Nesse contexto de escassez, muitos dos coletivos também estão dedicando ao plantio, em hortas comunitárias, mas também na criação de animais fontes de proteínas.
No extremo sul da capital venezuelana, no bairro Valle del Tuy, um coletivo homônimo é liderado pelo agricultor José Cárdenas. Segundo ele, a principal tarefa política nessa região, uma das mais pobres de Caracas, é a segurança alimentaria.
“Estamos preparados para responder a qualquer cenário, tanto militar como organizativo. Temos produção comunitária, uma plantação onde todos os dias colhemos frutas e verduras. Com essa situação do país tivemos que voltar cultivar e criar peixe, gado, porco. Temos que estar preparados”, enfatiza Cárdenas.
Luis Cortés, líder do coletivo Catedral Combativa explica que há diversas formas de atuação dos coletivos: “[Trabalhamos] na área da cultura, da organização comunitária e, nesse momento em que vivemos uma guerra econômica, nos encarregamos da produção de alimentos de primeira necessidade. Estamos plantando e cultivando alimentos para atender a comunidade”.
Origem ligada à luta armada dos anos 1960
Para entender como esses movimentos sociais associaram armas com trabalho comunitário e social é preciso voltar no tempo. Sua origem está vinculada às guerrilhas e movimentos políticos insurgentes dos anos 1960, que optaram pela luta armada contra o governo autoritário do presidente Rómulo Betancourt (1959-1964).
"Nascemos de uma necessidade de nos proteger das forças repressivas dos governos da Quarta República [período entre 1953 e 1999]. Perseguiam os revolucionários e nos torturavam. Inclusive nos massacraram. Isso nos levou a estar mais unidos. Assim nascemos como coletivo”, conta Valentín Santana, líder do coletivo La Piedrita, fundado em 1985.
De acordo com Santana, a expressão “coletivo” vem da necessidade de andar juntos, "em coletivo, para poder mantermo-nos vivos”.
No bairro 23 de Enero, por exemplo, ele estima que mais de 130 dirigentes políticos tenham sido assassinados nos anos de “democracia” bipartidária.
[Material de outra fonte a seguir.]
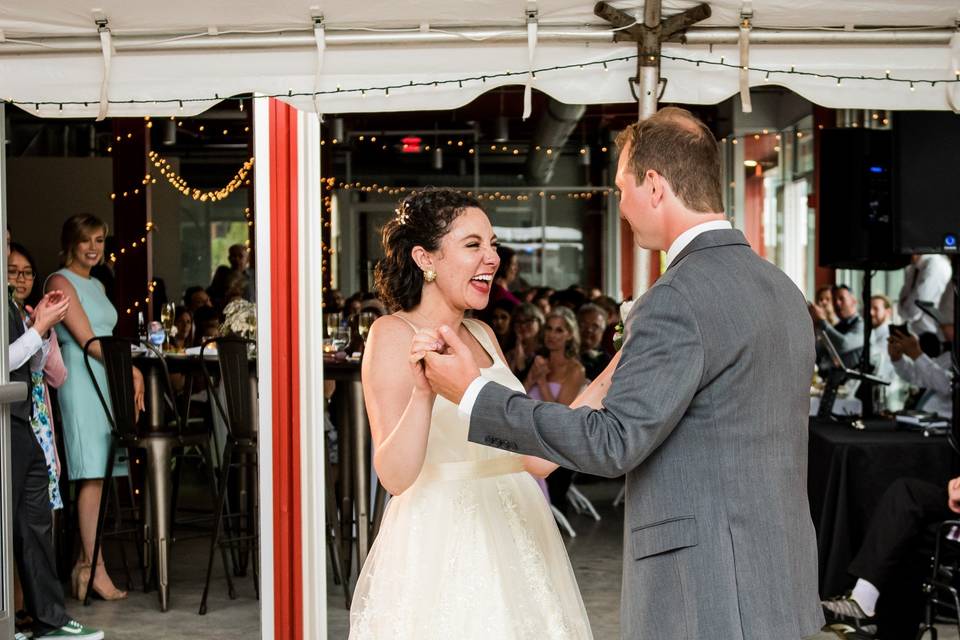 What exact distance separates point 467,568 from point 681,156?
110 centimetres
Nessa época, existiam três partidos na Venezuela: o social-democrata Ação Democrática, de centro-direita, o social-cristão Coopei, que abrigava a burguesia mais conservadora, e o Partido Comunista, que estava na ilegalidade. Os partidos Ação Democrática e Coopei governaram o país por 51 anos, entre 1958 e 1999, revezando no poder a cada mandato.
O líder do coletivo Coordinadora Simón Bolívar, Juan Contreras, do bairro 23 de Enero conta um pouco dessa história. “A esquerda na Venezuela tem duas origens principais. Uma delas é o Partido Comunista da Venezuela [PCV], criado em 1931. A outra é o Movimento Esquerda Revolucionária [MIR], que nasce na década de 1960, produto de uma divisão do partido social-democrata Ação Democrática”, explica Contreras.
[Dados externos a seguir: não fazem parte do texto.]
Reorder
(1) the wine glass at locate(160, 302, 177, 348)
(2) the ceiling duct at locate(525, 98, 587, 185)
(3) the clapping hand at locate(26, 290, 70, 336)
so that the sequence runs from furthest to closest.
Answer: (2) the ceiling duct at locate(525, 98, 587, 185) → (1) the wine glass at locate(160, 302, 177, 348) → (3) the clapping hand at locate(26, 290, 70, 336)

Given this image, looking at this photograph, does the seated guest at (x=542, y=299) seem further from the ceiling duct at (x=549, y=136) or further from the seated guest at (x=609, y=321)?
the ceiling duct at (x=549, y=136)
A maioria dos fundadores e integrantes dos coletivos têm como origem política essas organizações. Tanto o PCV como o MIR aderiram à luta armada nos anos 1960 e 1970. Em 1965, o PCV saiu da luta armada porque considerava que havia sido derrotada.
Nesse processo há uma divisão interna do partido de onde nasce o Partido da Revolução Venezuelana (PRV), que tinha como braço armado a guerrilha Fuerzas Armadas de Liberación Nacional, dirigida por Douglas Bravo. “Depois da morte de Ernesto Che Guevara, na Bolívia, o ano de 1965, podemos dizer que o guerrilheiro mais conhecido nesse momento era Douglas Bravo”, destaca Contreras.
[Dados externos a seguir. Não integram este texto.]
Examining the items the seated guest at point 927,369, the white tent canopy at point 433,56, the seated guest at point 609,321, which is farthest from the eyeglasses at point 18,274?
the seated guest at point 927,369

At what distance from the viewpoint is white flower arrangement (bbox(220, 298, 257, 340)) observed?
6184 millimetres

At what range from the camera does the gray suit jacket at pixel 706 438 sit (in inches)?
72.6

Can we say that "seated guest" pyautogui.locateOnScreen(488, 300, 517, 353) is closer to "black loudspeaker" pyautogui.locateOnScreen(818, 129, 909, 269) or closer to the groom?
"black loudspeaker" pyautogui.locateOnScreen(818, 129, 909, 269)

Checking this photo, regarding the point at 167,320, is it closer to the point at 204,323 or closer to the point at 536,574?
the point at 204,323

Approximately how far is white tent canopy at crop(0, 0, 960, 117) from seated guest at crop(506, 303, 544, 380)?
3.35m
No ano 1969 o MIR também passa por uma divisão, dando origem a duas novas organizações políticas armadas: Bandera Roja e Organización de Revolucionarios. As duas atuavam na ilegalidade, mas mantinham braços legais.
A Organización de Revolucionarios tinha como frente política legalizada a Liga Socialista, cujo fundador e dirigente era Jorge Rodríguez, pai do atual ministro da Comunicação e Informação, Jorge Rodríguez e da vice-presidente da República, Delcy Rodríguez.
Jorge Rodríguez, o pai, morreu em uma sessão de tortura, acusado de participar do famoso sequestro do empresário norte-americano William Niehous, o mais longo sequestro político registrado na Venezuela, com duração de três anos, entre 1976 e 1979. Essa também foi a organização política em que o presidente Nicolás Maduro militou em sua juventude.
Por outro lado, alguns dos movimentos dessa época terminaram se aliando com a direita venezuelana. É o caso do Movimiento al Socialismo (Mas), um braço do MIR que havia se transformado em uma guerrilha, e da Bandera Roja. “Essas duas organizações fazem parte, atualmente, setor armado da oposição”, afirma Jorge Navas.
Chávez no poder
A maioria dos dirigentes dessas organizações tinham vida política no bairro 23 de Enero, que se tornou um ponto de resistência e luta subversiva.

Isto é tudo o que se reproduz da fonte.